Crossroads Summer 2011

This article appeared in the Summer 2011 issue of Crossroads, The Episcopal Rural Workers Fellowship magazine.


            I’ve been interested in rural and small town ministry since I was a little boy riding out with my father Dr. Nelson Rightmyer to the 2:30 Sunday afternoon service at St. George’s Indian River Hundred in Sussex County, Delaware, while my mother took a richly deserved nap.  My father served there 1937-47. We lived in Lewes in winter with Sunday services at 8 and 11 and in Rehoboth Reach at 9:30. From Memorial Day to Labor Day we moved to Rehoboth Beach and the schedule was reversed.

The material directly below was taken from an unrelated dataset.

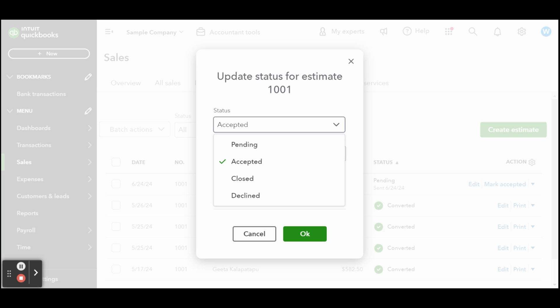You can choose from four statuses to help track your outstanding estimates. The first one is Pending: an estimate is pending after it's sent to a potential customer until the customer accepts or rejects the estimate or the estimate expires. Accepted: accepted estimates have been approved by the customer and a signed copy of the estimate has been received.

            St. George’s parishioners were local farmers, Some of the families had been members since the chapel was built in 1719. The service was usually Evening Prayer. I must have been six when I insisted one spring Sunday on wearing my first pair of long pants. I used to sit next to the organist and while I was standing for the sermon hymn an early wasp crawled up the inside of my pant leg. When I sat down it stung, and the congregation waited while my father took me out, removed the stinger, daubed my leg with mud, and I quit crying.

            The church was built near a stream. One year beavers built a dam and the pond washed over the road. Another time the farmers at St. George’s asked for prayers for rain. They were offered at 8, 9:30, and 11 and by 2:00 the rain was coming down so hard the road was covered over and St. George’s service had to be cancelled.

            My father taught church history and liturgics at the Divinity School in Philadelphia from 1947 to 1952 and then served at St. John’s Western Run Parish near Glyndon, Maryland. This was a rural parish but most landowners were gentlemen farmers who worked in Baltimore financial institutions. Much of the money had been made importing guano from Chili for Midwestern farms. The Greenspring Hunt used to meet on Thanksgiving Day after church and the blessing of the hunt was a tourist attraction.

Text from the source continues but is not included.